Avant de prendre congé de l’assemblée et de leur pays, les ministres démissionnaires voulurent rendre compte de leur administration, et les discours qu’ils prononcèrent à cette occasion, resteront comme de curieux documens sur l’histoire contemporaine de Venise. M. Manin raconta les démarches que le gouvernement vénitien avait tentées auprès de plusieurs états de l’Italie, particulièrement depuis la jonction des deux corps d’armée de Radetzky et de Nugent, pour les décider à invoquer de concert avec lui l’intervention armée de la France. À cette circulaire du gouvernement vénitien, le roi de Piémont n’avait fait aucune réponse ; la Toscane et les états pontificaux avaient tenu un langage amical, mais sans se prononcer nettement sur la question. En somme, le résultat de cette démarche avait fait ressortir le défaut d’accord qui existait entre Venise et le reste de l’Italie. Le rapport du ministre des finances ne fut guère plus rassurant que celui du ministre des affaires étrangères. La conclusion était que le budget actif de la république de Venise, grace aux réductions récemment adoptées, ne dépassait pas 190,000 livres par mois. Ses dépenses les plus indispensables ne pouvaient être évaluées à moins de 2,200,000 livres par mois. On s’était adressé à toutes les villes d’Italie, en les conjurant de ne pas laisser périr Venise faute d’argent ; mais jusqu’à ce moment aucun secours n’avait été offert.

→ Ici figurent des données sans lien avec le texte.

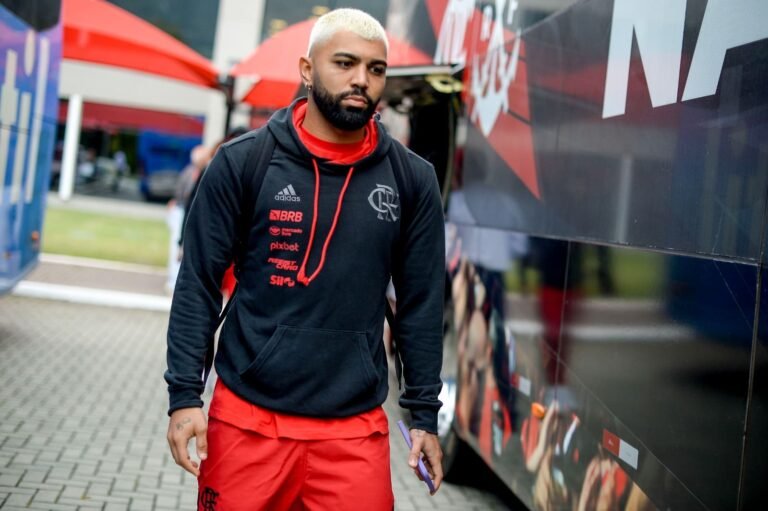 Gabigol sente incômodo e vira dúvida para partida contra o Olímpia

L’assemblée s’était réunie, nous l’avons dit, dans les premiers jours de juillet. Quelques envoyés secrets du Piémont s’étaient efforcés de préparer Venise au grave changement qui allait s’opérer. Pendant que l’assemblée délibérait, des cris de vive le Piémont ! à bas la république ! se firent entendre. Quand le résultat de la délibération fut connu, Venise ne laissa voir aucune émotion. La croix de la maison de Savoie remplaça sur tous les édifices le drapeau de Saint-Marc au milieu d’un morne silence. Les cris de vive le Piémont ! avaient cessé de retentir dès que les démonstrations royalistes avaient atteint leur but. Venise ne s’était unie au Piémont qu’avec défiance. Hâtons-nous de le dire, cette défiance était injuste ; elle pouvait conduire à un abîme. Les Piémontais n’étaient-ils pas les compatriotes, les frères des Vénitiens ? Oui, sans doute, mais le peuple n’achève pas son éducation en un jour. Des préjugés fâcheux le séparaient du Piémont. Pour en triompher, il eût fallu s’adresser franchement à son intelligence, à son patriotisme, plutôt que de le placer dans une cruelle alternative où la nécessité lui ôtait la liberté de son choix. La défiance de Venise s’expliquait moins encore par l’erreur de ses habitans que par la maladresse des imprudens amis de la maison de Savoie.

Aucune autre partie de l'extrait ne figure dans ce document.